Wednesday, January 26, 2011
All REAL- All The Time
I'd like to spice this blog up with war stories about my drinking and drugging days. Talk about all the day to day cravings I still have, how I secretly wish I could still drink or drug.
Problem is I wouldn't be telling the truth. I really don't have any desire to drink and I haven't for ...YEARS. Not even a wee, little craving for a nip or two of beer...NOTHING.
I really believe that the compulsion, the desire to drink/drug has completely been removed from me. And that's really nice not to have that craving, nagging at me every waking minute like the first 9 months or so of my sobriety. Actually it was probably a whole year before I noticed that I wasn't jones-ing for a drink anymore. That I was actually...peaceful.
For 30 years that compulsion to drink and drugged ruled my life, every sliver of my being and then...it was gone. There is no other way to explain it:Divine Intervention. The Creator, GOD took away the desire to drink...I know of no other explanation. It was a mystery to me, at the time and even now I don't question it.

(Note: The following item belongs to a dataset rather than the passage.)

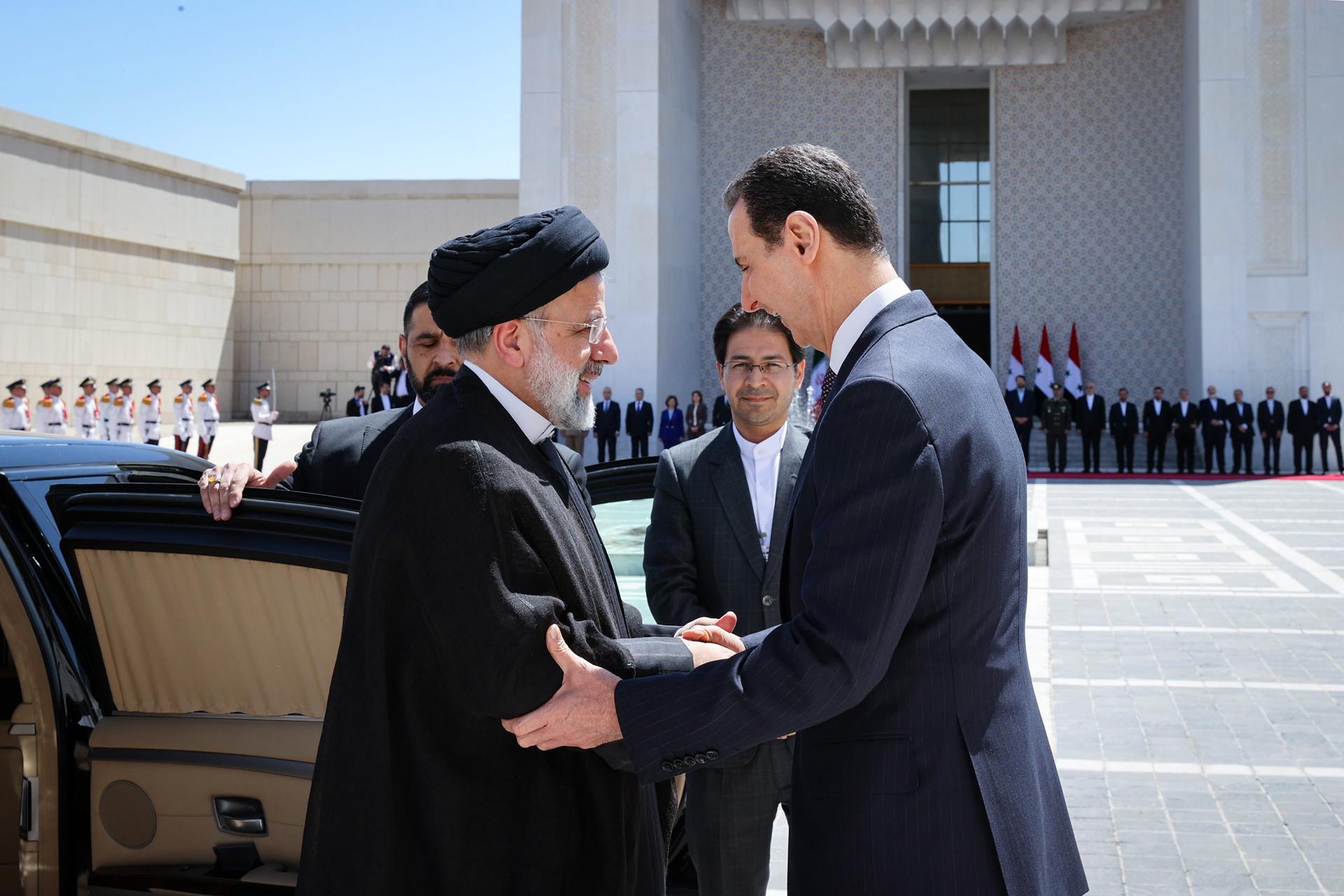 A handout photo made available by the Iranian presidential office shows Iranian president Ebrahim Raisi (L) and his Syrian counterpart Bashar Al Asad (R) during a welcome ceremony in Damascus, Syria, 03 May 2023. EFE/EPA/IRANIAN PRESIDENCY OFFICE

Today my focus is on sharing my experience, strength and hope with others. In person: I meet alcoholics everyday at every possible stage in recovery. Brand new folks, still shaky, mistrustful, hurting....to folks that have been sober almost as long as I've been alive 48 plus years.
This blog has truly been a gift and I owe a HUGE SSS SHOUT OUT to all who read this little ditty called Shell Shock Serenade. It has given me an excellent forum where I can share bits and pieces of my story and in turn I get wonderful comments and feedback that helps me in my recovery.
I had NO idea how this idea of mine would play out in reality. If there would even be a handful of readers who would even look in, not to mention come back to us on a regular basis...yet you have.
Thank You from the bottom of my heart!